Re: Re: Re: Thoughts on credential switching

From: Andy Lutomirski
Date: Thu Mar 27 2014 - 17:20:36 EST


On Thu, Mar 27, 2014 at 1:47 PM, Jim Lieb <jlieb@xxxxxxxxxxx> wrote:
> On Thursday, March 27, 2014 12:45:30 Andy Lutomirski wrote:
>> On Thu, Mar 27, 2014 at 12:30 PM, Jim Lieb <jlieb@xxxxxxxxxxx> wrote:
>> > Rather than inline, I'm responding in the context of Jeremy's comments but
>> > I have to answer others as well. It is Jeremy after all who said my baby
>> > was ugly ;).
>> >
>> > Jeremy is right about overloading "fd". Maybe I can call it something
>> > else
>> > but an fd (in implementation) has merit because a creds struct hangs off
>> > of
>> > either/or/both task_struct and file but nothing else. Coming up with a
>> > creds token struct adds/intros another struct to the kernel that has to
>> > justify its existence. This fd points to an anon inode so the resource
>> > consumption is pretty low and all the paths for managing it are well
>> > known and *work*. I'm trying to get across the swamp, not build a new
>> > Golden Gate bridge...
>> >
>> > As for POSIX, all of the pthreads API was based on CDE threads whose
>> > initial implementation was on Ultrix (BSD 4.2). Process wide was assumed
>> > because utheeads was a user space hack and setuid was process wide
>> > because a proc was a just that.

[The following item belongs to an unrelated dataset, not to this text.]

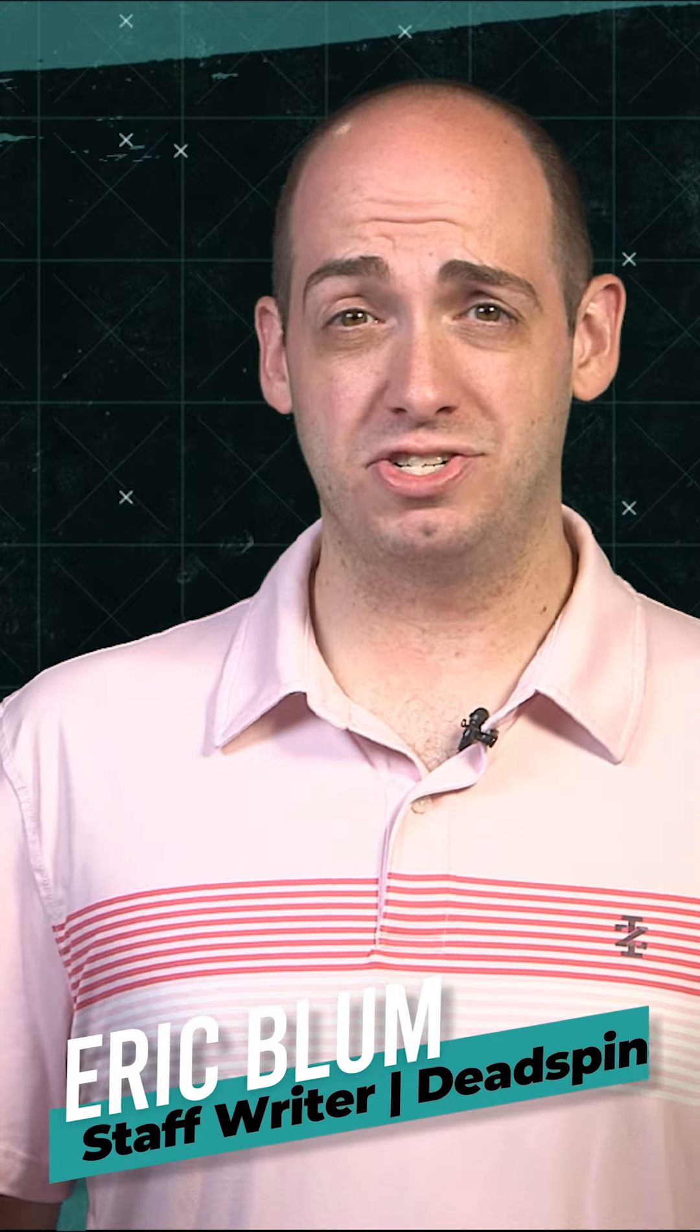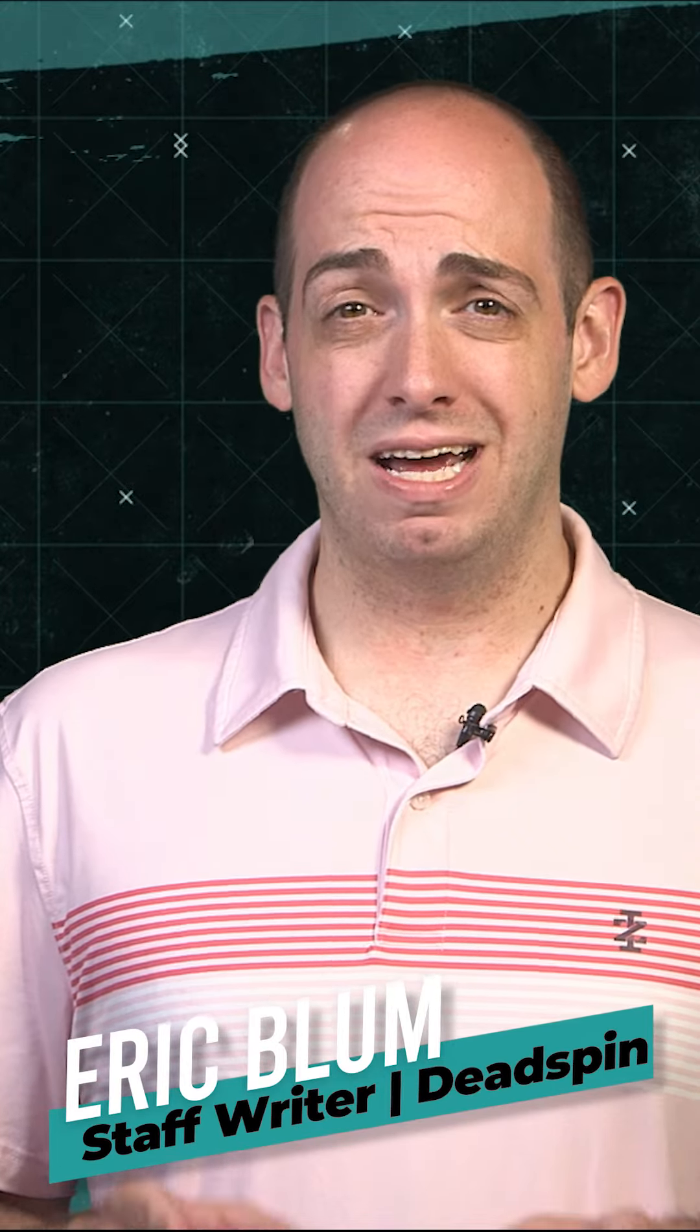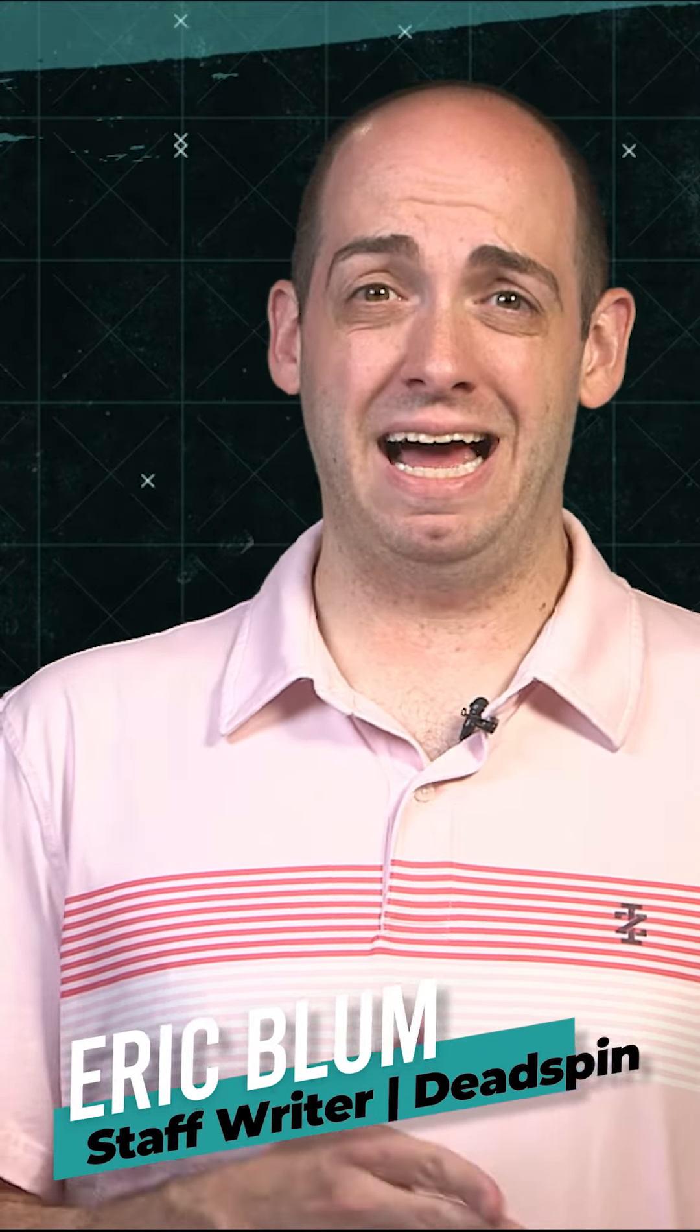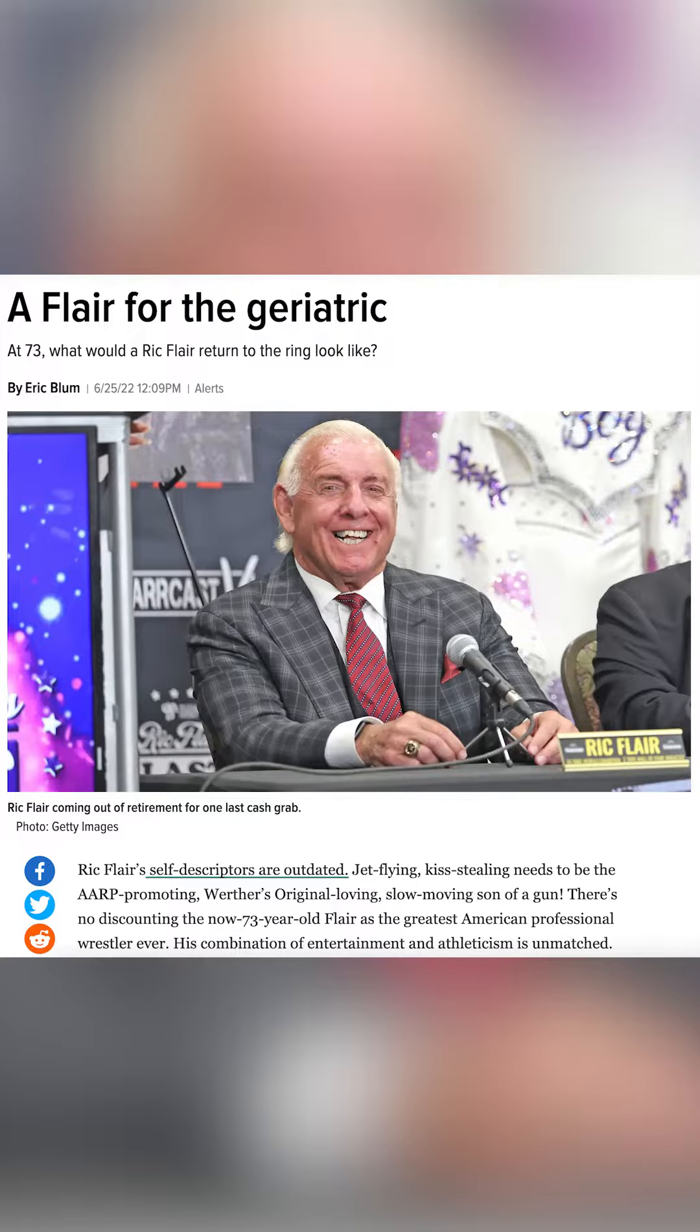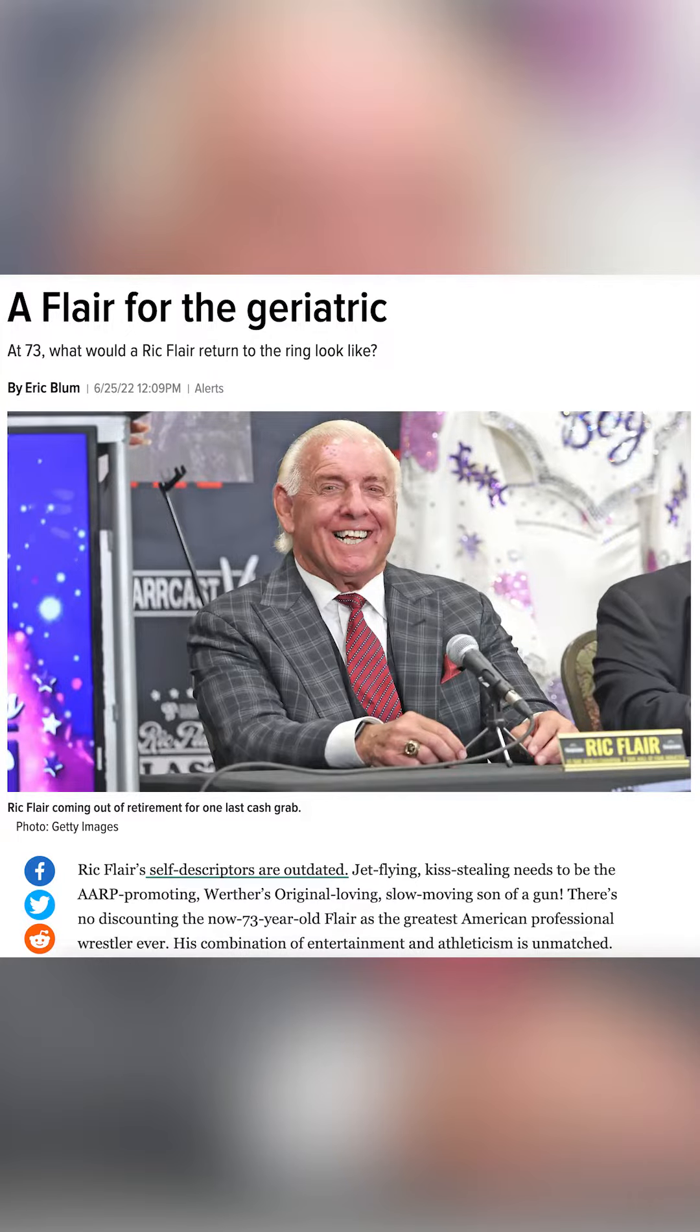At 73 years old, wrestling legend Ric Flair is going to have his last match later this month. Ric Flair is the greatest North American wrestler of all time, but he qualified for AARP 18 years ago.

Good grief, that kernel was UP... When
>> > OSF/1 appeared, the Mach 2.5 kernel just carried that forward with its
>> > proc + thread(s) model to be compatible with the old world. In other
>> > words, we incrementally backed ourselves into a corner. Declaring POSIX
>> > now avoids admitting that we didn't see all that far into the future.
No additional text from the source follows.